Ticket #340 (closed enhancement: fixed)
Metrics gathering
Reported by: | jdreed | Owned by: | broder |
---|---|---|---|
Priority: | normal | Milestone: | Fall 2009 Release |
Component: | -- | Keywords: | |
Cc: | Fixed in version: | ||
Upstream bug: |
Description
Per discussion at release team, we need a way to identify what Athena is being used for. To start with, we need to be able to differentiate between "Email", "Web", "Academic Software" (defined as some popular -thirdparty packages), and "Other". Possibly also "Writing Code".
Attachments
Change History
comment:2 Changed 15 years ago by broder
I'm coming around to using the connector instead of the other interfaces we've looked at. It allows us to see what programs are being run out of AFS as well as off the local system, which may be useful since alexp has expressed skepticism of the wrapper scripts' stats in the past.

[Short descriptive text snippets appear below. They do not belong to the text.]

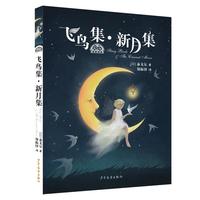 《我爱读经典·飞鸟集·新月集》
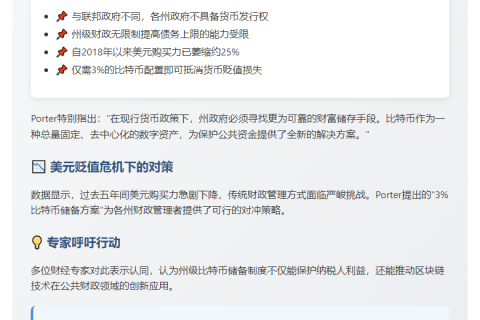 州级比特币储备保护纳税人资金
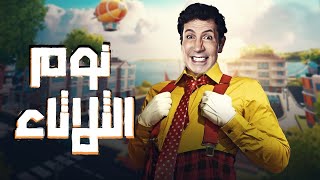 الفيلم الكوميدي 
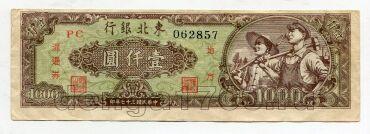 Тунк пай банк Китая 1000 юаней 1948 года, #kk-091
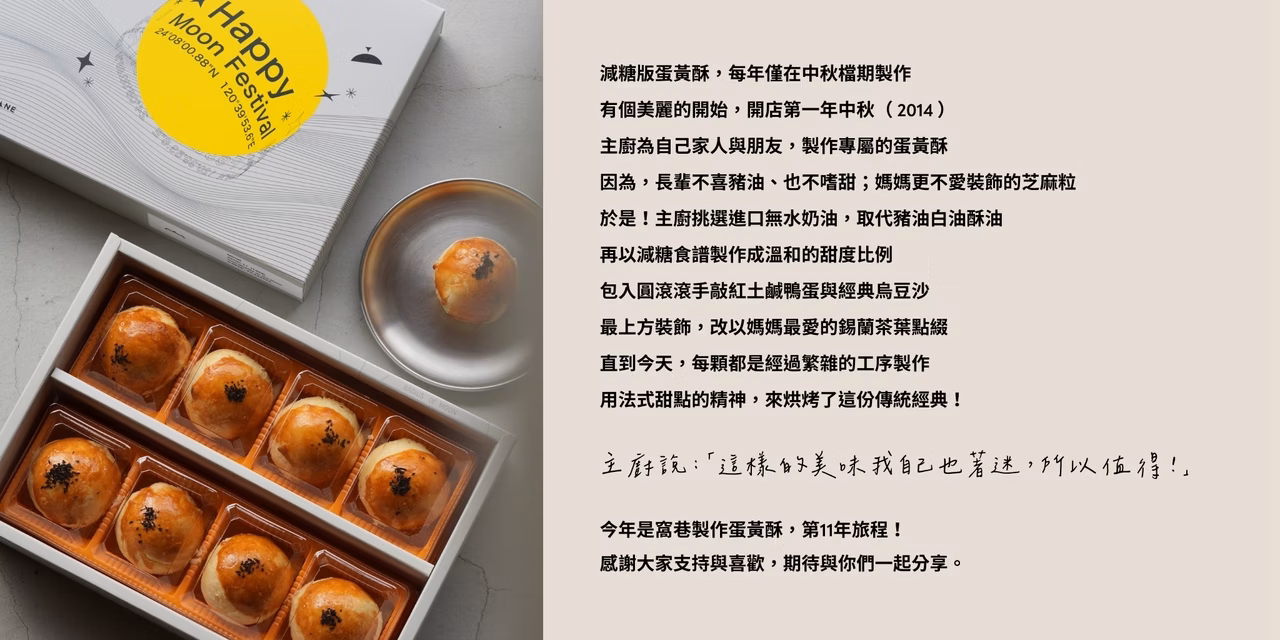 蛋黃酥禮盒不會太甜的首選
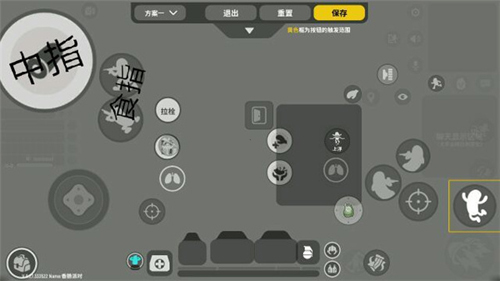 香肠派对国际服2024最新版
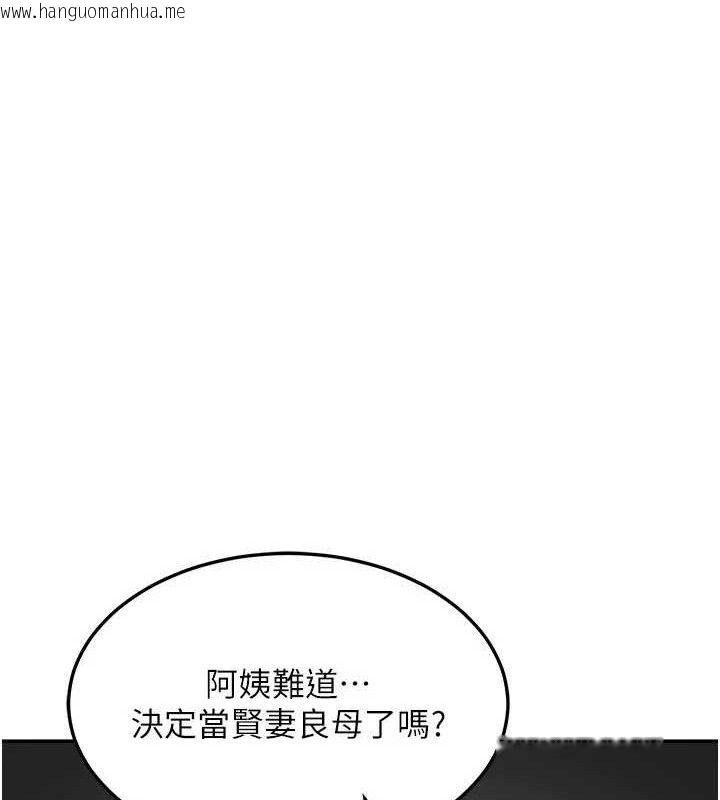 韩国漫画熟女交换计划韩漫_熟女交换计划-第20话-人妻准备的丰盛大餐在线免费阅读-韩国漫画-第125张图片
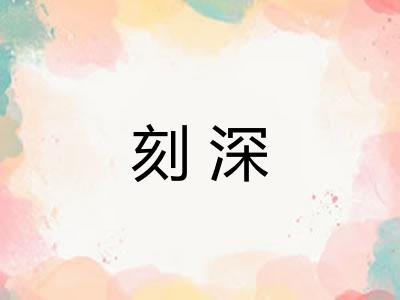刻深 刻深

Attached is the version of geofft's connector.c that I've been working with. It should do a good job of batching large numbers of fork/exec pairs happening in a small period of time, while still not allowing events to queue up for seconds worth of processing time. It's also only catching exec calls, and only printing the executable path. It probably does want to have better error handling. We may also want to consider filtering based on non-system UIDs (i.e. only print out programs with a UID >1000 or something)
The intent is to run this under a script in a higher-level language, which reads off of the program's stdout and handles the collection, batching, and submission.
The performance hit seems pretty miniscule - about 0.4% for Anders' degenerate fork bomb:
kid-icarus:~/src/moira broder$ time seq 5000 | xargs -I% true real 0m10.474s user 0m4.044s sys 0m5.684s kid-icarus:~/src/moira broder$ time seq 5000 | xargs -I% true real 0m10.518s user 0m4.788s sys 0m4.852s
comment:3 Changed 15 years ago by broder
geofft pointed out that apparently I need to be using recvfrom or else I'll get spurious wakeups, so new version attached.
comment:4 Changed 15 years ago by broder
- Status changed from new to proposed
I've added debathena-metrics to debathena-cluster and uploaded both to proposed.
I've also been in touch with Jonathon to verify that none of the various public syslog reports will include metrics data.
comment:5 Changed 15 years ago by broder
- Status changed from proposed to closed
- Resolution set to fixed
This has been moved into production, along with documentation on the privacy concerns: http://kb.mit.edu/confluence/x/TQlS
From the technical side, I have two tries at an implementation of this, using two Linux APIs, inotify and cn_proc. They're in /mit/geofft/debathena/inotify.c and /mit/geofft/debathena/connector.c respectively.
inotify watches a small number of directories we give it and reports back events on open, access, and close, so watching /bin and /usr/bin would be a first-order way to find what applications are used.
cn_proc, via the kernel's less-than-clearly-named "connector" netlink interface, reports on every process creation (fork), exec, and close, so we can pretty accurately track which processes exist and for how long. I prefer this method because this is the "right" API for this; it gives us better accuracy and better resilience to lost events (which can happen with either method).
I haven't yet looked at the significantly less technical side of this, which is to modify either of these programs to look for the processes we care about, categorize them, add up how long each one was run, and then submit this to some central server.